The need for credit sneaks up on you, like your first gray hair.
If you want to rent an apartment, buy a car or maybe even get a job, you’ll need to demonstrate a history of dealing with money responsibly and paying bills on time. You’ll show that with a good credit score, a three-digit number that signals how financially trustworthy you are.
Good credit won’t make a pimple disappear right before a date. But here are three other ways it will make your life easier.
1. You’ll save money on your student loans
After you graduate from school, get a full-time job and build strong credit, student loan refinancing could reward you with a lower student loan payment or interest rate. You’ll need a credit score of 690 or higher to qualify — unless you use a co-signer — and solid income. Refinancing a $30,000 balance from an average 7% interest rate to 4% will save you about $45 a month and about $5,350 over 10 years.

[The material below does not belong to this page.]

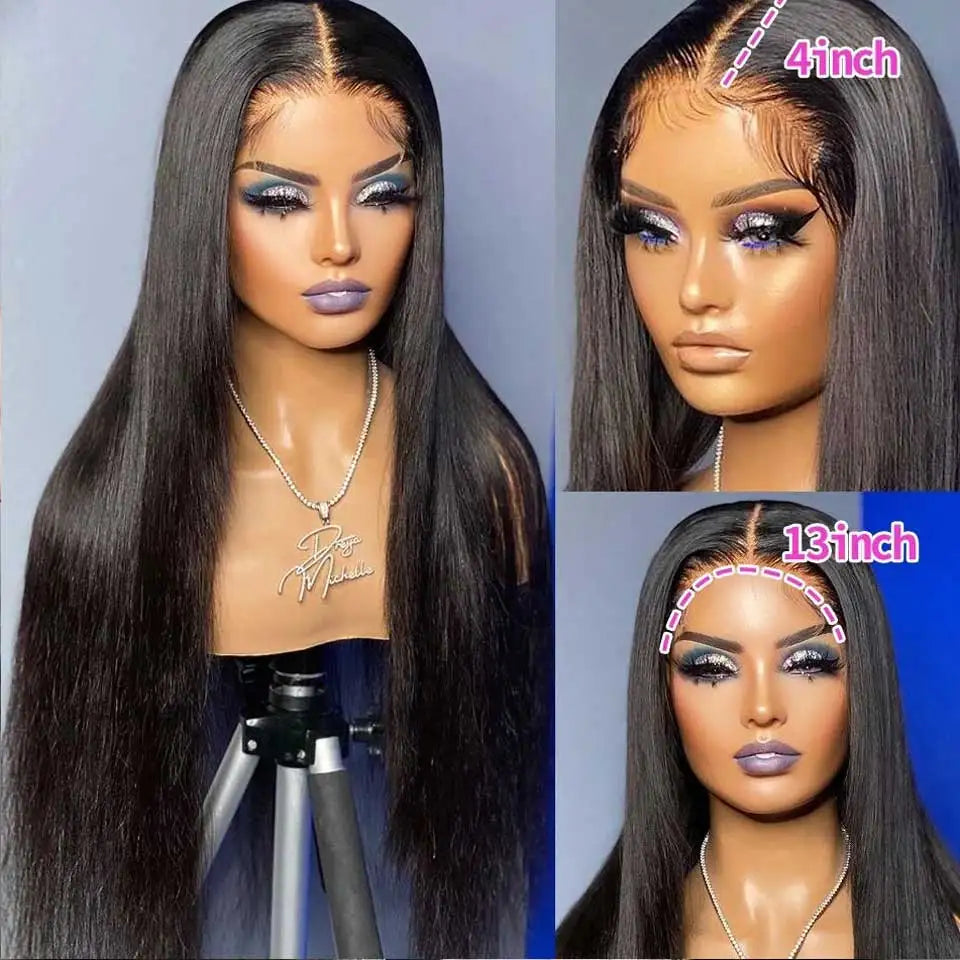 13x6 HD Lace Frontal Wig 34 Inch Straight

When you refinance student loans, a lender pays off your existing loans and offers you a new one, with better terms, based on your credit history and other factors. An added benefit? Because refinancing turns multiple loans into one, you’ll have fewer accounts with balances on your credit report. That can improve your score, says John Ulzheimer, a credit expert who formerly worked in the credit industry.
Federal loans become private when you refinance, and they come with benefits private loans don’t offer. Use caution before including them in the bundle.
2. You’ll get credit card freebies
Good credit means access to rewards credit cards, which can get you airline miles, free hotel stays and other perks. But the most valuable benefit for 20- and 30-somethings might be the cash back that some premium credit cards offer, and the chance to transfer a balance to a card with a 0% APR for a period of time. That helps you avoid paying interest as you pay off debt.
“Free money in my mind is the best reward ever,” Ulzheimer says.
With good credit, you’ll also likely receive a higher credit limit. That means you can spend the same amount as someone with a lower limit, but your credit utilization — the amount you owe compared with the limit — will be lower. That will help your score.
In fact, you can request a credit limit increase to speed up the process, says Daria Victorov, a certified financial planner at Abacus Wealth Partners in San Mateo, California. The best time to do so is if you’ve recently gotten a raise and you already have good credit. The request could appear as a hard inquiry on your credit report, making it dip.
3. You’ll pay less for car insurance
Insurance companies can use your credit history to determine how much you pay for car insurance everywhere but California, Hawaii and Massachusetts. A recent NerdWallet analysis found that drivers with bad credit can pay up to $464 more per month than those with good credit. Always compare quotes, and consider shopping for car insurance again later on if your credit improves.
To qualify for cheap car insurance, fancy credit cards and student loan refinancing, the same playbook applies: Pay all your bills on time, keep credit card balances below 30% of your credit limit, and pay off credit card purchases by the end of the month.